Automatic Speech Recognition and its Contextual Enhancement for Singapore ATC Voice Communication

Paper ID

SIDs-2024-023

Conference

SESAR Innovation Days

Year

2024

Theme

Speech Recognition

Project Name

Keywords:

Air Traffic Control; Callsign Recognition; Air Traffic Controller; Automatic Speech Recognition; Contextual Speech Recognition

Authors

Jayakrishnan Melur Madhathil, Nguyen Ngoc Khanh, Lee Seounghoon, Tran Anh Dung, Luong Trung Tuan and Tran Huy Dat

DOI

https://doi.org/10.61009/SID.2024.1.12

Link

Download

Abstract

In a first for Singapore Air Traffic Control (ATC), a complete pipeline of Automatic Speech Recognition (ASR) of voice communication between pilots and Air Traffic Controllers (ATCOs) is presented.
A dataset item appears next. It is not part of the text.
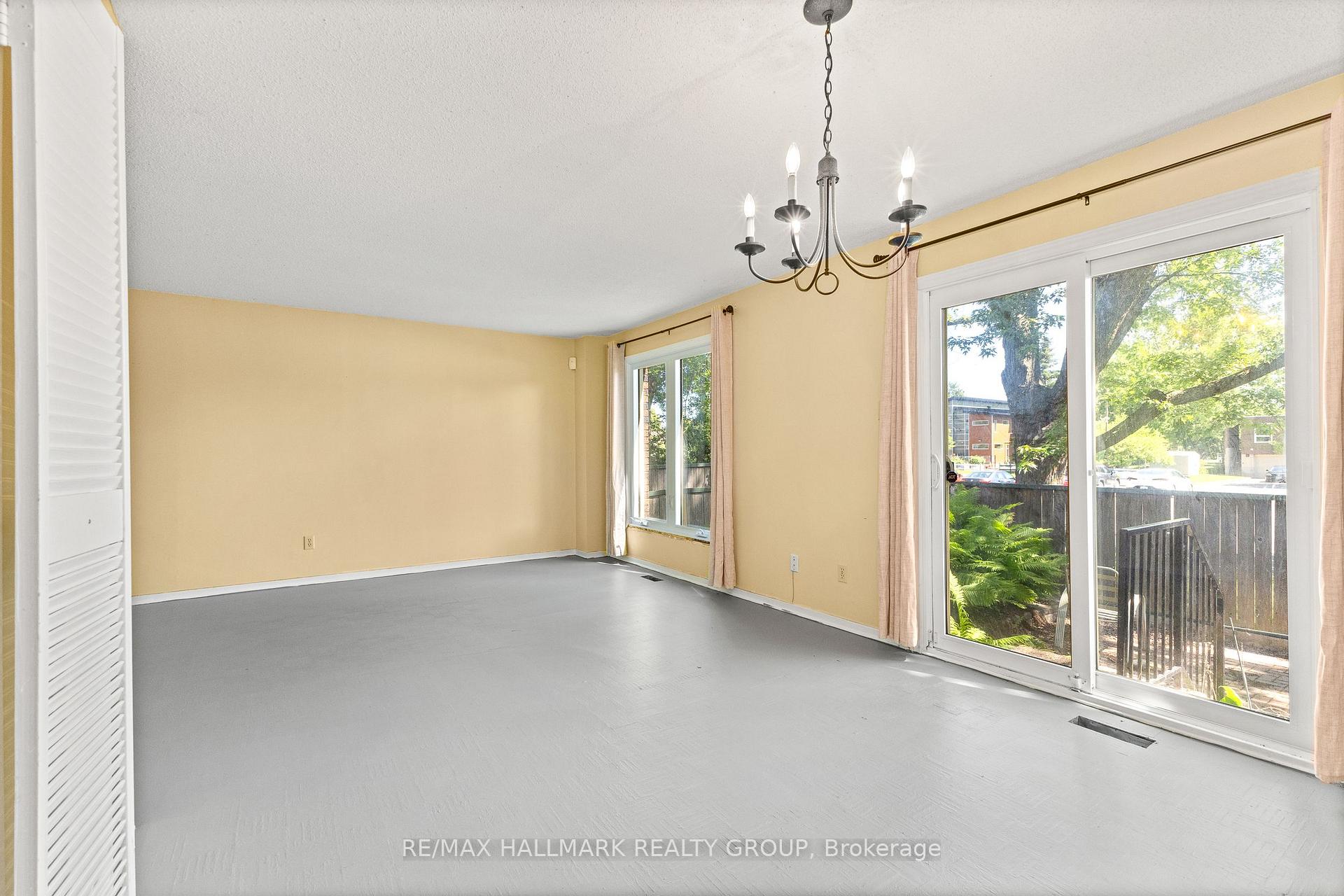 Photo 10 of 55 River Garden Private, Ottawa, Mooneys Bay/Riverside Park — HOMEH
Increased complexity due to multi- accented speech, cockpit noise, and speaker dependent biases were overcome by using data sufficiently large enough for training the models, collected across multiple domains namely enroute, approach and tower. We also carried out detailed benchmarking and analysis of various ASR technologies ranging from hybrid HMM-DNN to supervised End to End (E2E) to pre-trained semi-supervised models fine-tuned with ATC voice data. This benchmarking helped us to conclude that traditional hybrid HMM-DNN is still competitive enough to be used in domain-specific areas like ATC. We enhanced the Callsign Recognition Rate (CRR) from audio, with a fast, efficient method, significantly improving it. The preprocessing pipeline includes our cutting-edge Voice Activity Detection (VAD), Speaker Turn Detection, and Speaker Role Detection (SRD) pipeline. We achieved a WER of 5.48%, in addition to improving the CRR by 6.01%.